Last time, we built the new side wall for the entryway and the new top stair/drawer. The next “step” was to start covering the side walls in diamond plate. We made very careful measurements (1 sheet of the diamond plate cost about $180.00) and then made a template out of cardboard. We were extremely glad that we made the cardboard template first. Even with detailed measurements, the angles of the steps weren’t perfect 90s. After using our digital t-bevel to measure the angles, we made a couple adjustments on our template and set to work cutting the sheet of diamond plate.
We cut the metal with a 60-tooth carbide blade on the circular saw. Juan set it to a shallow depth and covered the base plate of the saw with duct tape. We didn’t want to take any chance of scratching the diamond plate.
Next, we placed the metal on top of a sheet of foam, traced our template, and carefully cut out the first wall piece.
It fit perfectly. Phew - so glad we didn’t mess that up.
By the way, cutting metal is loud and painful. Shards of aluminum fly everywhere. We really should have been wearing long sleeves, but it was about 105 degrees out when we did this.
We followed the same process for the other side piece, except this time we had to deal with the curve of the door. After making a 90-degree angle in the metal using an inexpensive metal brake, Juan cut along the seam part-way up from the bottom, allowing the metal to curve into the right shape to trim out the door.
Then we had to decide how we wanted to attach the diamond plate panels to the walls. We considered riveting, but we really just wanted to leave the diamond plate as is. So, we decided to glue it down with liquid nails. We clamped where we could and braced it where it couldn’t be clamped. After a couple of hours, it was set.
The next “step” was to build a new stair replacing the one we cut out previously that had been in such bad shape. Our plan for this one was to create even more storage. Cramming six people in a couple hundred square feet requires creative storage solutions. This step was the perfect place to create a “shoe box”.
First, we needed to add more angle iron to the sides to create a lip for the top of the step (lid of the box) to rest on. Then we had to cut and screw down the front riser for the step. Again, nothing in this bus is actually square. So, we had to find the exact angles of the corners. One was something like 90.6 degrees and another angle was like 89.4 degrees. Even such small amounts of being off from square made a big difference in how it fits. Details, details.
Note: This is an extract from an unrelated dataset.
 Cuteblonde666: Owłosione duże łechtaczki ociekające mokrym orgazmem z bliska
Finally, it was time to finish this step by building the lid and attaching hinges. We used our Kreg Concealed Hinge Jig which made it very easy.
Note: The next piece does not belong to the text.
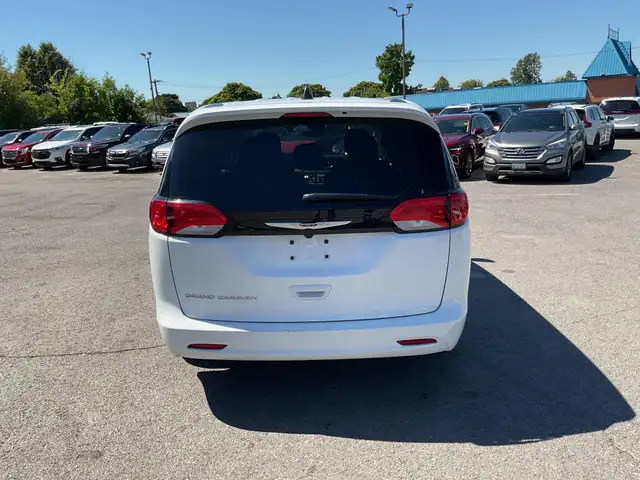 2024 Chrysler Grand Caravan SXT - Photo 4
We used full overlay hinges. These allow the lid to pull slightly forward and then open all the way up. This step/shoe box should be able to fit a pair of shoes for each of us.
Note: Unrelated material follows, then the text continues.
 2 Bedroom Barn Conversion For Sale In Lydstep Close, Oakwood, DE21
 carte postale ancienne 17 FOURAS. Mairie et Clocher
The last “step” for Part 2 was to cover the risers of two of the three steps with the diamond plate. We finished that up and called it good for now.
The face of our top step/drawer will have to wait until after we install the treads. The treads will be the same as our flooring throughout the rest of the bus, most likely laminate, and that will be one of the final projects we do. But, for now, we at least have functional, safe stairs. We know that the storage of the box and the drawer will be a life-saver for keeping shoes corralled. And, one day all the “pretty” will be finished. So, we’ll call this project ⅔ done.